PeterJune 3rd, 2009 at 19:14

Interesting; what does the @performed_render do? I think I get the idea, but can you explain a little more explicitly (or link to) how the Proc approach allows you to stream the results?

You could probably use some of the pagination plugins to handle the batch loading nicely. E.g., with will_paginate:

accounts = Account.paginated_each(:conditions => {…}, :per_page => 1000) do |account|

Scott TadmanJune 3rd, 2009 at 19:54

Loading all the models and then extracting two fields seems like an enormous waste of resources. It may be more efficient to simply load the columns using raw SQL and the select_rowss method, which can be significantly faster on any table that has BLOB columns.

Account.connection.select_rows(”SELECT id, name FROM #{Account.table_name} ORDER id”).each do |row|
output.write(FasterCSV.generate_line(row))
end

Eric LitwinJune 3rd, 2009 at 23:57

I have been having this same problem with CSV exports - I have a case where there are 30000+ records of 60+ fields per record. Needless to say, it takes a long time and usually ends up timing out in production (usually after Nginx has spawned it multiple times eating up all my Mongrel instances).

I’m going to try this out - it seems much simpler than using the queing/scheduling solution I was investigating.

Mason JonesJune 4th, 2009 at 01:15

I had to do something similar to generate an Excel file using a CSV input, and what I ended up doing was to generate the file to disk under an Apache doc root, and then do a redirect to the URL for the file so I could let Apache handle getting the actual file to the browser instead of having Rails wait (some of the users had very slow connections).

Eric LitwinJune 4th, 2009 at 02:23

This improves the memory usage quite a bit, but I should have realized from reading the code that it wouldn’t really do anything to improve the overall processing time.

When I combined this with the connection.select_rows suggestion (thanks Scott), I saw both a big memory and processing time reduction.
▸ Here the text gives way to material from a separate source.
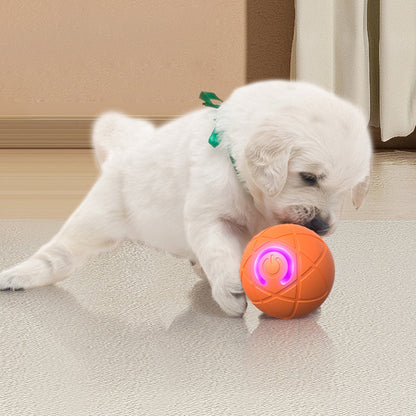 🐶 50% RABATT! ⚽ Interaktiver Hüpfball für Hunde – Fördert Bewegung & Spieltrieb, Robust, Sicher & Ideal Für Drinnen & Draußen 🏡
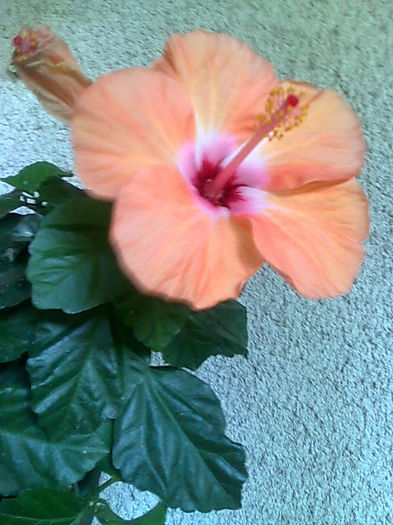 Imagine3752 - HIBISCUS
BlytheJune 4th, 2009 at 19:41

Yah I ran into some trouble with sending and building large files (around 250k records) and ended up using nginx version of X-Send-File. You basically create a file and point (nginx or apache) to it. http://spongetech.wordpress.com/2007/11/13/the-complete-nginx-solution-to-sending-flowers-and-files-with-rails/
Also for exporting files, try ArDumper. http://github.com/blythedunham/ar_dumper
There is a paginated version that writes to a file to avoid running out of memory which I then sent off to nginx. Much slower than direct DB export but super customizable.
Book.dump :csv, :except => [:topic_id], :methods [:foo, :bar], :proc => {:superproc => Proc.new {|dump_options| “HI!” }

Kamil KukuraJune 7th, 2009 at 20:56

For chunked processing you may use http://afreshcup.com/2009/02/23/rails-23-batch-finding/

DavidJuly 10th, 2009 at 02:06

Anyone else having problems with IE (6 and 7 at least) borking on such downloads?

Andrew TimberlakeJuly 10th, 2009 at 10:21

Hi David
I haven’t tested this on anything but Firefox because the app I wrote it for is used in a closed environment.
One thing I did notice is that if you use a download manager, the server gets asked for the data twice which can be a problem.
Not sure if IE might be doing something similar